◆ Listed entries
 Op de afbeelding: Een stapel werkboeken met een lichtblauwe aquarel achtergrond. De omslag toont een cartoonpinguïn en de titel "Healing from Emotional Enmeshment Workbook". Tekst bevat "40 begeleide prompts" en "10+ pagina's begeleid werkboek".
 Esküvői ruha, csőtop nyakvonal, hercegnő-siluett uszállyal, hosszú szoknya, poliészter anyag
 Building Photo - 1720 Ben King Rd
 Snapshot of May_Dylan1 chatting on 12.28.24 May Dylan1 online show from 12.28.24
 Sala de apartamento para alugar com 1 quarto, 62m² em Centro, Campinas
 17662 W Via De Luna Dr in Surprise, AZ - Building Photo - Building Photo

...

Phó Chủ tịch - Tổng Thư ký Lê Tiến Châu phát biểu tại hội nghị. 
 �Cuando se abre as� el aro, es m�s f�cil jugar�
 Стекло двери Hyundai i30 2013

◆ Task statement
Among the lines above, find those containing the word "Photo" and copy each.

◆ Exercise response
 Building Photo - 1720 Ben King Rd
 17662 W Via De Luna Dr in Surprise, AZ - Building Photo - Building Photo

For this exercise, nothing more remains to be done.